WHAT YOU HAVE TO DO:
Take the listing below and print exactly the lines starting at the line containing "YoungOne Pilatus PC-12-45" and ending at the line containing "Комплект женского термобелья", both ends included, and no others.

LISTED RECORDS:
--*--

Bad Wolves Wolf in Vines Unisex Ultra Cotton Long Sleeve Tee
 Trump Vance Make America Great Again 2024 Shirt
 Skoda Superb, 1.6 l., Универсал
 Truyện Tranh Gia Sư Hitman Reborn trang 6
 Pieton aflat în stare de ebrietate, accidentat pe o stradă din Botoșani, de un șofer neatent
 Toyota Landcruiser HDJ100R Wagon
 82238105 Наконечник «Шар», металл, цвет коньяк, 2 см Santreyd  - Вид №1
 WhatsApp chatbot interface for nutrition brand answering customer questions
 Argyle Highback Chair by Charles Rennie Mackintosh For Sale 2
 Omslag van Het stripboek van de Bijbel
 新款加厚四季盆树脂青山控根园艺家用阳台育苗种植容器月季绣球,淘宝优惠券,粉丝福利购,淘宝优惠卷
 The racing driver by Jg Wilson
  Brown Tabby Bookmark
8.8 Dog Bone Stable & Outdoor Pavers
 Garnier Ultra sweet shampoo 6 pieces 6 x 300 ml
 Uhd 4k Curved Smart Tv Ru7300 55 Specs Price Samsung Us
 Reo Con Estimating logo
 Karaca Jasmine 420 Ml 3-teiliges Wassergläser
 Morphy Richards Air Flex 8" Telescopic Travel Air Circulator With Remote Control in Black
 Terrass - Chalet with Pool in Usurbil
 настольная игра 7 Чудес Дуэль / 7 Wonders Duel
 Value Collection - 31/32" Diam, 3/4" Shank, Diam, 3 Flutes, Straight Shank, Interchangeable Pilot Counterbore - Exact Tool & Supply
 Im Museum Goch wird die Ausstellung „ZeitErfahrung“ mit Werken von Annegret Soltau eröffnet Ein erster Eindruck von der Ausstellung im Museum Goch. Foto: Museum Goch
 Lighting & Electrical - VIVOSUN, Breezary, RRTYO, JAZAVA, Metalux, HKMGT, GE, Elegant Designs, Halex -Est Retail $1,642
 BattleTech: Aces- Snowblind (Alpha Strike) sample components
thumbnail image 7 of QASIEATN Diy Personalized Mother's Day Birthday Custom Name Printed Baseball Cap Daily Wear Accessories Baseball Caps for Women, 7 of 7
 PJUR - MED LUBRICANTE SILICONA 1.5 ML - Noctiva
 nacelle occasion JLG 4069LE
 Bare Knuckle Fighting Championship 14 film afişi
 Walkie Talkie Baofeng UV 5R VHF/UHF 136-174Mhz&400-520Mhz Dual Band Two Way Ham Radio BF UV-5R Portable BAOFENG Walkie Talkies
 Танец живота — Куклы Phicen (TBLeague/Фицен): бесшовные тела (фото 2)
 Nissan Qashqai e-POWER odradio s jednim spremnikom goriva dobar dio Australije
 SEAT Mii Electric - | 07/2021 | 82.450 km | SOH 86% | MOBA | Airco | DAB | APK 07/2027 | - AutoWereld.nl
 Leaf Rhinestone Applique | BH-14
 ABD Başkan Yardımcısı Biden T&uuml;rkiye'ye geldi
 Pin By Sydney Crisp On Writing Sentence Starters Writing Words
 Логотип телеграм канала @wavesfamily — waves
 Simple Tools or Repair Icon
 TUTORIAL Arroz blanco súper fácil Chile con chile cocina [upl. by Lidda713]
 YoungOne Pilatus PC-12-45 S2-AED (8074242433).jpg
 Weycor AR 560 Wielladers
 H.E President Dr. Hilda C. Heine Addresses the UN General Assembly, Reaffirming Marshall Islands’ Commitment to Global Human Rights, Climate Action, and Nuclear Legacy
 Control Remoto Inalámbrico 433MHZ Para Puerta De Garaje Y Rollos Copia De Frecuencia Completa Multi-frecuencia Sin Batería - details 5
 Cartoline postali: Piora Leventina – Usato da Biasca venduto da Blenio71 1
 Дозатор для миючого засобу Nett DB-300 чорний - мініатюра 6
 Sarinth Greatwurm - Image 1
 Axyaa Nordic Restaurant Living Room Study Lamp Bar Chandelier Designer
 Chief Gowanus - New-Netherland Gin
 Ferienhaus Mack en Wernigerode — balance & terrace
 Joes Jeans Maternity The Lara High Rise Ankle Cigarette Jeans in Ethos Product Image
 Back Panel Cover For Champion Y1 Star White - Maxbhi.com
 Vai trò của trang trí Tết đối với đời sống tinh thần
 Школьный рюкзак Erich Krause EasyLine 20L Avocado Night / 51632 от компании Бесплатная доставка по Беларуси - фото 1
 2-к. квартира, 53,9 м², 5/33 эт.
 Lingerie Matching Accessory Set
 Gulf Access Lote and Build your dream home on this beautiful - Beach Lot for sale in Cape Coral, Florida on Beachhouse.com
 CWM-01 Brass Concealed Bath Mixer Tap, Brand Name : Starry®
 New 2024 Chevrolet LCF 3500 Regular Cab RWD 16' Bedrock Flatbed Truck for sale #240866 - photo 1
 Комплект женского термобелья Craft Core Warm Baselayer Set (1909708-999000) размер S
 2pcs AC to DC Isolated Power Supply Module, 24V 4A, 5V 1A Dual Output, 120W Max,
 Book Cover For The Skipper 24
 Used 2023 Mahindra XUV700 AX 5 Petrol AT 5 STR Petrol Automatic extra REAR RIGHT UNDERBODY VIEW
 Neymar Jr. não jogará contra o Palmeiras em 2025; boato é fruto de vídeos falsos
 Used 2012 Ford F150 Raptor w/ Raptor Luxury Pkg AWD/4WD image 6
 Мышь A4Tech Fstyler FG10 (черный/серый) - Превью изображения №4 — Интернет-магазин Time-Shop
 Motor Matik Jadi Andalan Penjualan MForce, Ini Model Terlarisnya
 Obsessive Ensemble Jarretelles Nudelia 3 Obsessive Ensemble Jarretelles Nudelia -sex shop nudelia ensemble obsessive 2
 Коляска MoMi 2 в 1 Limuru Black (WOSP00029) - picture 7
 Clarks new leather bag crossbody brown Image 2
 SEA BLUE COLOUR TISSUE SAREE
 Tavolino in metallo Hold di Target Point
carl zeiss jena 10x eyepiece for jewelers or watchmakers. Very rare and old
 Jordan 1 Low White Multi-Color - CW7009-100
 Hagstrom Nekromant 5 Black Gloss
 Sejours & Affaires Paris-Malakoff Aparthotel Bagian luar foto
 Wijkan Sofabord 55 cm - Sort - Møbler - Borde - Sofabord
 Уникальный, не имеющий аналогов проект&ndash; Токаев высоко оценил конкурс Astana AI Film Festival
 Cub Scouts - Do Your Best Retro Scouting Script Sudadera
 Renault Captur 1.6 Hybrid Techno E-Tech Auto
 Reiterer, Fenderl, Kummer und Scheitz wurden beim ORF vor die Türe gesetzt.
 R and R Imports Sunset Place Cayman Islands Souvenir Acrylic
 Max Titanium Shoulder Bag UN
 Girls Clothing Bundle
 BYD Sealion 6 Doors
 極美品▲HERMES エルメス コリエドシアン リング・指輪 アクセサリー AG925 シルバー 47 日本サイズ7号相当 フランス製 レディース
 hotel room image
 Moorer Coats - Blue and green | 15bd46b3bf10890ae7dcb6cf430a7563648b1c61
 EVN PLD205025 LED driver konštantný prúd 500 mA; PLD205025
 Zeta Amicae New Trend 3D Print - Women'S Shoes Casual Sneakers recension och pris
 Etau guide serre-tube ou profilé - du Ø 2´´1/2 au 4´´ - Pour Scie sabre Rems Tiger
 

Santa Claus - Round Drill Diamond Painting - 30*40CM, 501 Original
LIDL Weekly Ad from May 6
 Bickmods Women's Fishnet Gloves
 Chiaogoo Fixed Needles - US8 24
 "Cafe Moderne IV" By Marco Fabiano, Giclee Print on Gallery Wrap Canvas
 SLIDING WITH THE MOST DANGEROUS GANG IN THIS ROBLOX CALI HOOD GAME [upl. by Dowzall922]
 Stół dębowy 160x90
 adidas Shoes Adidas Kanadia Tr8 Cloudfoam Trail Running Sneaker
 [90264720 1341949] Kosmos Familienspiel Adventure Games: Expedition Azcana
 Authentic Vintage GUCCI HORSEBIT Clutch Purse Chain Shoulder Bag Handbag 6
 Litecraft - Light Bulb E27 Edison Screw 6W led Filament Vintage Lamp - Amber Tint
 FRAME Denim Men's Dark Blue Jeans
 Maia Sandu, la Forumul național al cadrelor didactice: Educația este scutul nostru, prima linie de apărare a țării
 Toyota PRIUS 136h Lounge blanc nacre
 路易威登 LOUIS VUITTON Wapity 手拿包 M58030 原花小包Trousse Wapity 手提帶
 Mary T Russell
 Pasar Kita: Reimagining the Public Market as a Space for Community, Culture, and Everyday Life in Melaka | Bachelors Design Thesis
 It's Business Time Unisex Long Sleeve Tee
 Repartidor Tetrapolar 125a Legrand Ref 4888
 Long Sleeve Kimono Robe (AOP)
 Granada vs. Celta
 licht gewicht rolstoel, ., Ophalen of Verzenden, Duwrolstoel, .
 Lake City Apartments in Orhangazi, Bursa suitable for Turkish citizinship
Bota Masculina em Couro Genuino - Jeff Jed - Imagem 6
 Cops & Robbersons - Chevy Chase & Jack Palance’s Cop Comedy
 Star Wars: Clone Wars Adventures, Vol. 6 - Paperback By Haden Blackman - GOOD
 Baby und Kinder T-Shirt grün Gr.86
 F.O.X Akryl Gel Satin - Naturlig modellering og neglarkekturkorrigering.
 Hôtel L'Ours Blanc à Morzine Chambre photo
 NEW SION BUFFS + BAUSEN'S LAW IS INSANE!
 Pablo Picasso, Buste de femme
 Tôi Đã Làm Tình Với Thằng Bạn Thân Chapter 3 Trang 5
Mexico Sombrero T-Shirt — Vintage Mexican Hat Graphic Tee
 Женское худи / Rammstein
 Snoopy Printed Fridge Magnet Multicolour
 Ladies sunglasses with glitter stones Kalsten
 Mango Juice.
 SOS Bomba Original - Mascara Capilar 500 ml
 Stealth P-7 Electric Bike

--*--

SOLUTION:
 YoungOne Pilatus PC-12-45 S2-AED (8074242433).jpg
 Weycor AR 560 Wielladers
 H.E President Dr. Hilda C. Heine Addresses the UN General Assembly, Reaffirming Marshall Islands’ Commitment to Global Human Rights, Climate Action, and Nuclear Legacy
 Control Remoto Inalámbrico 433MHZ Para Puerta De Garaje Y Rollos Copia De Frecuencia Completa Multi-frecuencia Sin Batería - details 5
 Cartoline postali: Piora Leventina – Usato da Biasca venduto da Blenio71 1
 Дозатор для миючого засобу Nett DB-300 чорний - мініатюра 6
 Sarinth Greatwurm - Image 1
 Axyaa Nordic Restaurant Living Room Study Lamp Bar Chandelier Designer
 Chief Gowanus - New-Netherland Gin
 Ferienhaus Mack en Wernigerode — balance & terrace
 Joes Jeans Maternity The Lara High Rise Ankle Cigarette Jeans in Ethos Product Image
 Back Panel Cover For Champion Y1 Star White - Maxbhi.com
 Vai trò của trang trí Tết đối với đời sống tinh thần
 Школьный рюкзак Erich Krause EasyLine 20L Avocado Night / 51632 от компании Бесплатная доставка по Беларуси - фото 1
 2-к. квартира, 53,9 м², 5/33 эт.
 Lingerie Matching Accessory Set
 Gulf Access Lote and Build your dream home on this beautiful - Beach Lot for sale in Cape Coral, Florida on Beachhouse.com
 CWM-01 Brass Concealed Bath Mixer Tap, Brand Name : Starry®
 New 2024 Chevrolet LCF 3500 Regular Cab RWD 16' Bedrock Flatbed Truck for sale #240866 - photo 1
 Комплект женского термобелья Craft Core Warm Baselayer Set (1909708-999000) размер S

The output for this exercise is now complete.